A Conab estima que a próxima safra nacional de grãos e fibras seja 2,4% inferior à passada. Na pecuária, o gado se ressente da exposição ao calor e com a piora das pastagens. E qualquer perda de produtividade mexe com os preços dos alimentos e com a inflação, alcançando toda a sociedade.

Ponto de não retorno, tecnicamente, é o momento no qual as mudanças climáticas causadas pelo aquecimento global não poderão mais ser revertidas. Um forte alerta de que estamos muito perto de atingir cinco destes pontos veio, no início deste mês, de um estudo da Universidade de Exeter, no Reino Unido, financiado pelo Fundo Bezos Earth. “São uma ameaça para a humanidade de uma magnitude sem precedentes”, resumiu Tim Lenton, coordenador do relatório.

A pesquisa mostra, por exemplo, o aumento da probabilidade de eventos como o colapso de corais de águas quentes e o derretimento de grandes porções de gelo no Ártico e na Antártida. 

Na Amazônia, entre as consequências do desmatamento estão a diminuição das chuvas e as secas mais longas. Ultrapassando o limiar crítico, a floresta pode não conseguir mais se regenerar, deixa de armazenar carbono e pode passar à condição de emissora, intensificando o aquecimento global e as perdas de ecossistemas inteiros. E não é difícil imaginar o efeito cascata de tudo isso.

De concreto, no primeiro dia desta COP foi anunciada a destinação de US$ 420 milhões para o Fundo de Perdas e Danos, criado na COP 27 para dar suporte a países afetados pelo aquecimento global. São recursos da União Europeia, Emirados Árabes e Estados Unidos. 

E os Estados Unidos anunciaram a contribuição com US$ 3 bilhões para o Fundo Verde para o Clima, que é uma iniciativa global criada pela ONU. Os recursos servirão para que países em desenvolvimento invistam em energia limpa e outras soluções ambientalmente sustentáveis. 

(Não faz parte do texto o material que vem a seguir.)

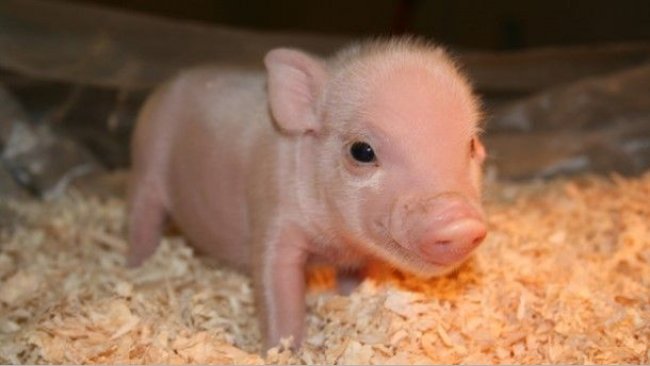 Figure 1. Newborn piglet.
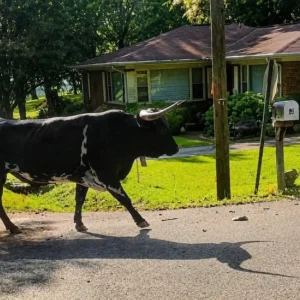 Alabama: Abapolisi bahanganye n’ikimasa cy’ibiro 680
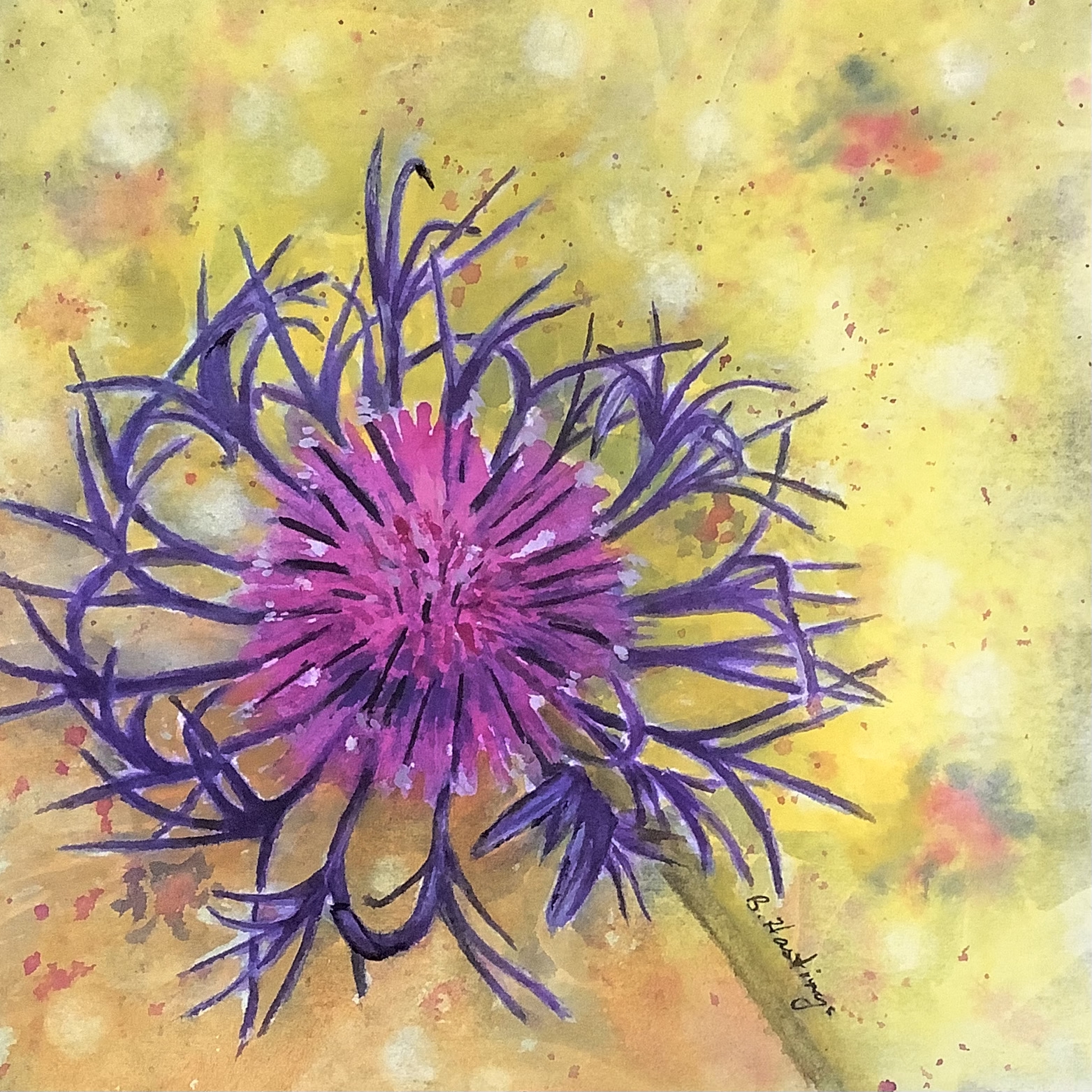 Mountain Cornflower by Bonnie Hastings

Da parte do Brasil, o compromisso público do governo é chegar ao desmatamento zero em todos os biomas até 2030. E durante a COP o presidente Lula cobrou o auxílio financeiro de países ricos que “nunca chega”. No Acordo de Paris a promessa foi de os países desenvolvidos contribuírem com US$ 100 bilhões ao ano a partir de 2020, o que, nem de longe, ainda foi cumprido.

Outro compromisso brasileiro é a redução, até 2030, em 43% a emissão de gases de efeito estufa, entre eles o dióxido de carbono. Isso em relação a 2005. 

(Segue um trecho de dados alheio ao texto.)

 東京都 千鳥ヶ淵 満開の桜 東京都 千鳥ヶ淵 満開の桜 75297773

Jornalistas que cobrem a COP relatam que nos rascunhos do documento final uma das questões-chave é o progresso na definição de metas para a adaptação a um mundo mais quente. Entre os compromissos voluntários está o acesso universal à água potável até 2030 e a agricultura sustentável.

Quanto aos combustíveis fósseis, a coisa é tão acirrada que há quem defenda abandonar qualquer referência à energia suja, e outros, mais otimistas, que pedem a eliminação progressiva, alinhada com a “melhor ciência possível”.

Vamos saber nesta terça-feira como estas contradições e ambiguidades foram acomodadas no Global Stocktake. Não há nenhuma instância internacional que obrigue o cumprimento do acordo, já que a ONU não tem poder supranacional, não está acima dos estados soberanos. É negócio de fio do bigode entre os signatários. Mas na tradição humana, isso tem valor moral, acima de qualquer papel assinado. 

Seria tão bom sermos agradavelmente surpreendidos, Papai Noel!